6) Desestruturação e despreparo do serviço público; 7) corrupção administrativa; 8) corporativismo no serviço público; 9) corrupção eleitoral; 10) representação popular (eleição dos senadores, então feita por via indireta); 11) corrupção na polícia; 12) violência policial e abusos contra os direitos humanos, em geral, e contra trabalhadores urbanos e rurais e imigrantes, em particular; 13) segregação de minorias, especialmente da comunidade negra, e preconceito contra imigrantes de certas origens; 14) direitos da mulher.
15) Direitos dos índios; 16) abuso de poder econômico pelas grandes corporações e formação de trustes e oligopólios, especialmente na área de serviços públicos; 17) definição de direitos trabalhistas e problema do trabalho infantil; 18) carência de recursos e despreparo das Forças Armadas face às necessidades de defesa e projeção externa do país; 19) conflitos pela posse de terras, especialmente em novas fronteiras agrícolas e em áreas indígenas (apesar de o "Homestead Act", a reforma agrária em terras da União, datar de meio século antes).

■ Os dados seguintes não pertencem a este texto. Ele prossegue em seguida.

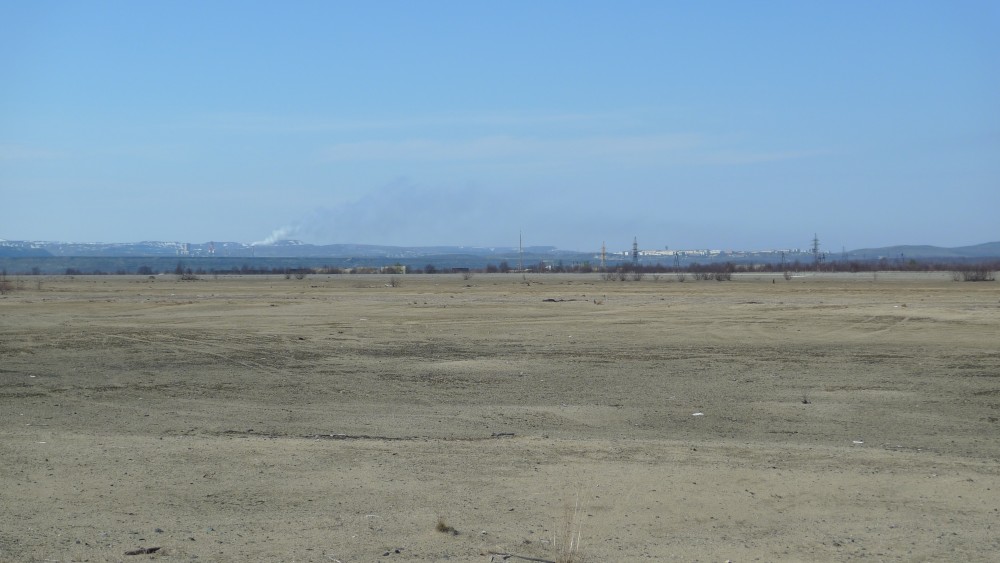 The mining town of Zapolyarny visible in the horizon from the huge closed down air base. (Thomas Nilsen/The Independent Barents Observer)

20) Uso predatório do meio ambiente, especialmente dos recursos florestais; 21) disputas de competência e de poder entre a União e os Estados; 22) protecionismo versus liberalismo comercial e definição do grau e do alcance da proteção tarifária; 23) direitos do consumidor; 24) exigência de créditos especiais para o setor agrícola; 25) fortalecimento da moeda e criação de autoridade monetária independente (o Fed seria criado sob Wilson).
Dirá o leitor se não estamos, de certa forma, descrevendo o Brasil de hoje ao recordar aspectos dos EUA de Roosevelt e Wilson. Lá, vencer esses desafios pressupôs, além de certo tempo, a normalidade do sistema democrático, um debate concentrado em questões concretas e não em falsas opções ideológicas e os progressos obtidos no sonho americano de melhor distribuição da riqueza, acesso a bens materiais, redução da desigualdade e acesso à educação básica.
Mas o sucesso pressupôs também uma firme liderança presidencial e a consciência clara das competências, responsabilidades e limites constitucionais da União.
Não se trata de fórmula, mas é bom lembrar que o jogo dos desafios deu relativamente certo nos EUA, embora tenha levado tempo. Há lições a aprender em Ted Roosevelt, um dos mais populares presidentes dos EUA, cuja obra interna é desconhecida no Brasil, onde tende a ser visto apenas como pai do "big stick" e do intervencionismo.
Com democracia, distribuição da renda, educação e liderança com sentido de futuro, esse jogo pode ter bom resultado também no Brasil. É o que espera a geração que nasceu durante o desenvolvimentismo dos anos 50, a última vez em que pareceu que o Brasil daria certo, e que agora, pela primeira vez, vê renascer essa perspectiva.